Code templates for Scala and PySpark are defined in `resources/code/filetemplate`; placeholders are passed along with
the template arguments array to generate the spark code.

### Output Writer

The tool provides two output formats using `FileFormatCodeWriter` and `NbFormatWriter`

2. File - Scala Spark and PySpark
3. Notebook Format - Scala and PySpark

The output of the Code Template is input for the File writer. The Notebook metadata are configured
using `resources/code/notebookmetadata` and written using python [nbformat package](https://pypi.org/project/nbformat/).

### Source of MDF Script Code

There are multiple ways you can provide input script code to the application.

1. File - Data flow script representation (`com.microsoft.azure.adf.dataflow.source.ScriptCodeFileSource`)
2. [Data Flow GET REST API](https://learn.microsoft.com/en-us/rest/api/datafactory/data-flows/get?tabs=HTTP) (`com.microsoft.azure.adf.dataflow.source.DataFlowRestGet`)

The Data Flow GET REST API is implemented using Azure Active Directory [token authentication](https://learn.microsoft.com/en-us/java/api/overview/azure/resourcemanager-authorization-readme?view=azure-java-stable) by default.

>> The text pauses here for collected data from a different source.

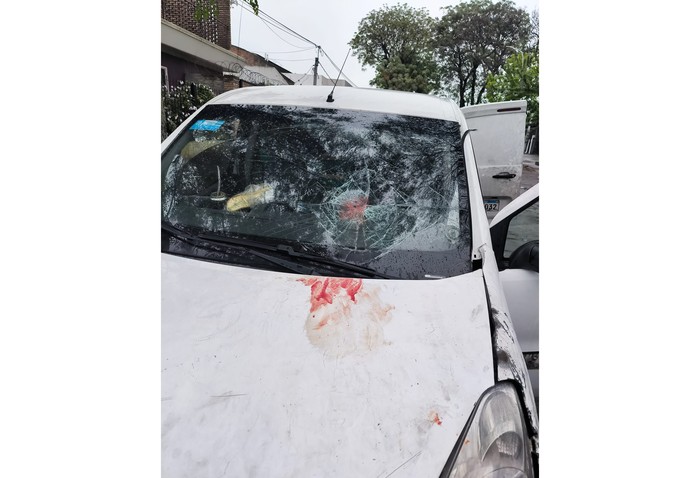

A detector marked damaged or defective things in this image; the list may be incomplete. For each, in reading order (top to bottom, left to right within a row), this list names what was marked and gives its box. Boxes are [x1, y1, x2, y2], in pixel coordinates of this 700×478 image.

shattered windshield [161, 102, 474, 278]
damaged white car [161, 84, 540, 476]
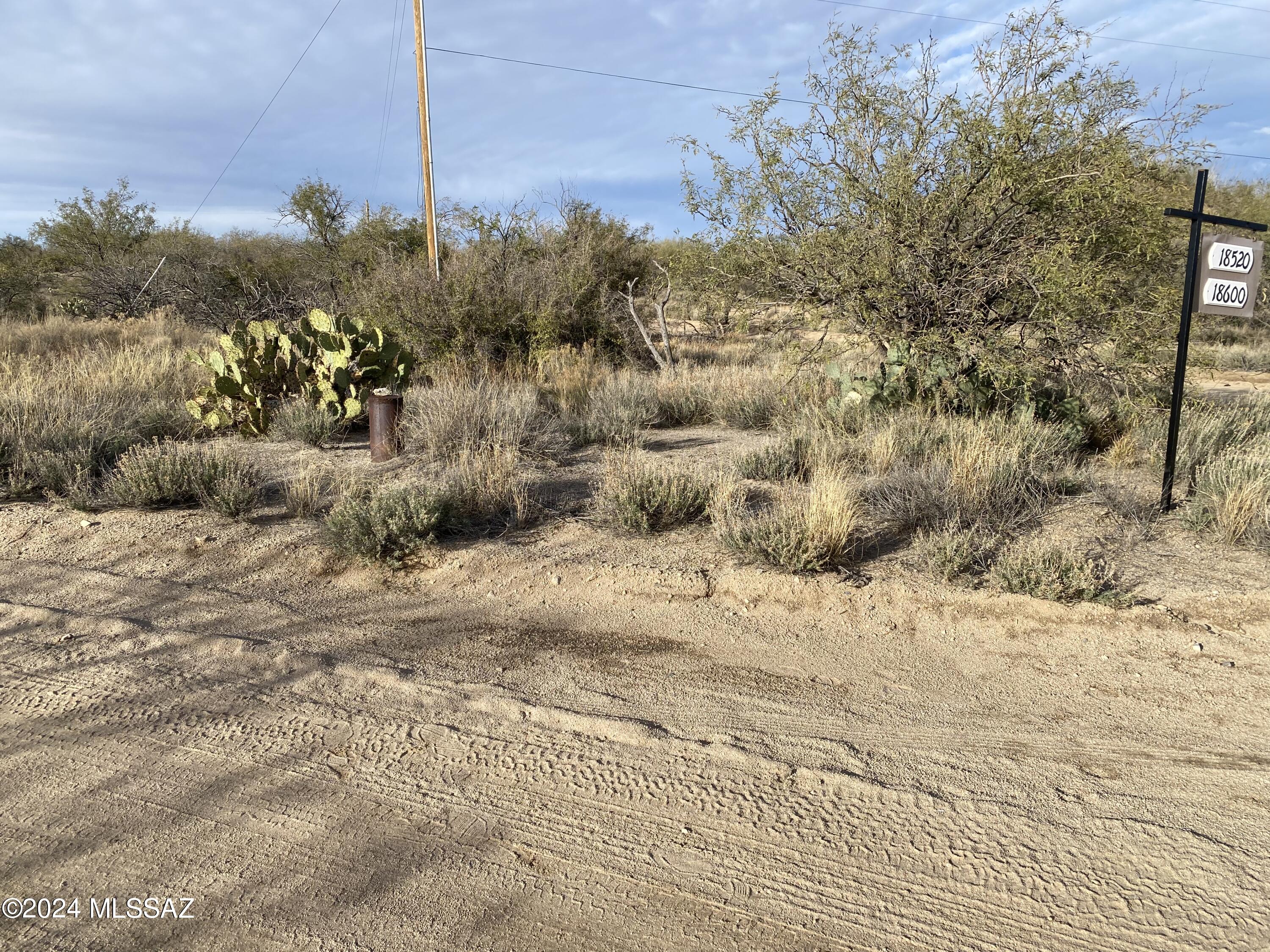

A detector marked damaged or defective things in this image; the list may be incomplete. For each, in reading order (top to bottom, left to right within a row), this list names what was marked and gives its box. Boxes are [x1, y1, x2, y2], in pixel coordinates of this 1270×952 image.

rusty metal pipe [368, 388, 401, 462]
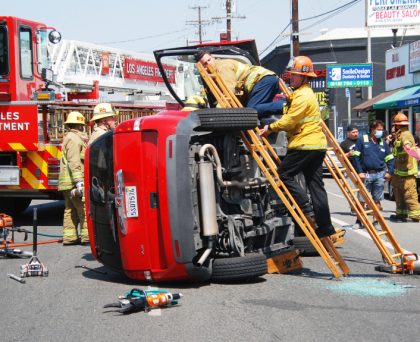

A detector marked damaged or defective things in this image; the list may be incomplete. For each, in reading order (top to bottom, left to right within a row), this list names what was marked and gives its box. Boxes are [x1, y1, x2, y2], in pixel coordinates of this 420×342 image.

overturned red suv [84, 40, 296, 282]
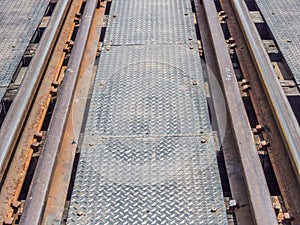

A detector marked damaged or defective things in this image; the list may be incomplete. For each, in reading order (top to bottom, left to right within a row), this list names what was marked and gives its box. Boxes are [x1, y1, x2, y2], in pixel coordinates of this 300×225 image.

rusty rail [0, 0, 71, 186]
rusty rail [19, 0, 96, 223]
rusty rail [196, 0, 278, 223]
rusty rail [231, 0, 300, 185]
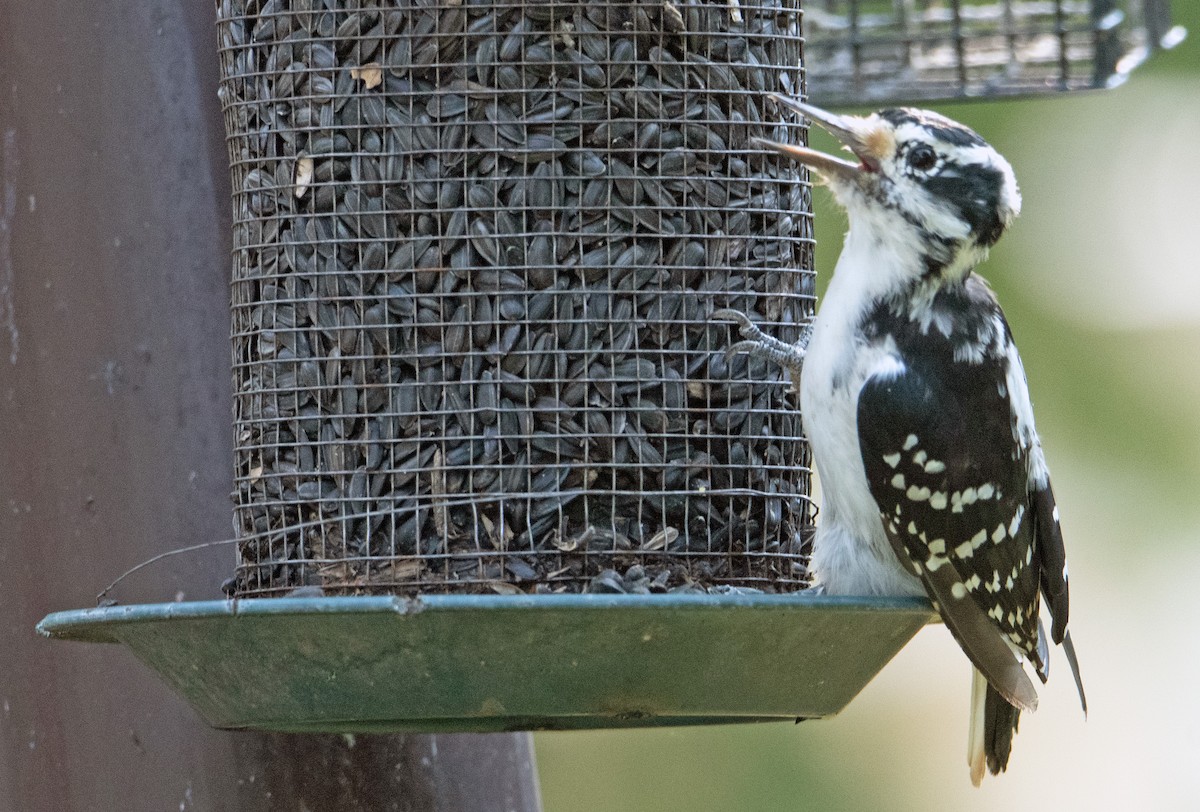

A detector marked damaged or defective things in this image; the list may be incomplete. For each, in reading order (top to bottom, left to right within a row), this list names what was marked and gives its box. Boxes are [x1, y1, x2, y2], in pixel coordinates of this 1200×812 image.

It would require the following environment variables.

- AZURE_CLIENT_ID for Azure client ID.
- AZURE_TENANT_ID for Azure tenant ID.
- AZURE_CLIENT_SECRET or AZURE_CLIENT_CERTIFICATE_PATH for client secret or client certificate.
- Azure subscription ID can also be configured via the environment variable AZURE_SUBSCRIPTION_ID.

You can add any additional source by extending `com.microsoft.azure.adf.dataflow.source.MdfScriptCodeSource` and registering the same as service `META-INF/services/com.microsoft.azure.adf.dataflow.source.MdfScriptCodeSource`.

## Installation

**Pre-Prerequisite**

- [Java 11](https://learn.microsoft.com/en-us/java/openjdk/download#openjdk-11)
- [SBT 1.9.3](https://www.scala-sbt.org/download.html) (only if you want to build from source)
- [Scala 2.12.11](https://www.scala-lang.org/download/2.12.11.html) (only if you want to build from source)
- [Python 3.10.11](https://www.python.org/downloads/release/python-31011/)

**Nbformat Installation**

The tool uses [nbformat package](https://pypi.org/project/nbformat/) to create Notebook and jep to execute Python
modules from Java. You need to run the following commands to install jep and nbformat.

```
pip install jep
pip install nbformat
```

## Usage

The entry point for the tool is `com.microsoft.azure.adf.tool.MdfToSpark`; the tool can read MDF script code from a file
and [DataFlow REST API](https://learn.microsoft.com/en-us/rest/api/datafactory/data-flows/get?tabs=HTTP)

### Source Input from File

Converting Script code from the file to the Spark code would require the following program arguments:
- `--inputpath` - absolute script code path (including file name)
- `--className` - output Spark and PySpark file name
- `--appName` - Spark job name
- `--source File`

`java -Djava.library.path=C:\Python310\Lib\site-packages\jep -jar mdf-to-spark-assembly-0.1.jar --source file --flowname --inputpath --className --appName `

### Source Input using REST API

Reading script code using REST API and converting it to the Spark code would require the following program arguments
and need to provide AZURE_SUBSCRIPTION_ID environment variable:
- `--rg` - Resource group
- `--factoryName` - Factory name
- `--dataFlowName` - Data Flow name
- `--className` - output Spark and PySpark file name
- `--appName` - Spark job name
- `--source API`

Few Optional program arguments are (for the notebook generation):

- `--lakeHouseId` - Existing target Microsoft Fabric lakehouse Id
- `--lakeHouseName` - Existing target Microsoft Fabric lakehouse name
- `--workSpaceId` - Existing target Microsoft Fabric workspace Id

```shell
java -Djava.library.path=<>\site-packages\jep -jar mdf-to-spark-assembly-.jar --source (api or file) --rg --factoryName \
--dataFlowName --className --appName --lakeHouseId --lakeHouseName --workSpaceId
```

## Limitations

The current tools supports **limited set of properties** for the following mapping data flow transformations:

- Source
- Select Column Mapping
- Join
- Union
- Filter
- Sink
- Sort
- 🆕Flatten (unroll_by only, without unroll_root)

## Debugging

You can debug Scala's parser combinators extended from `com.microsoft.azure.adf.dataflow.parser.syntactical.spark.BaseStandardTokenParser` by passing java system parameter `-Ddebug=true`.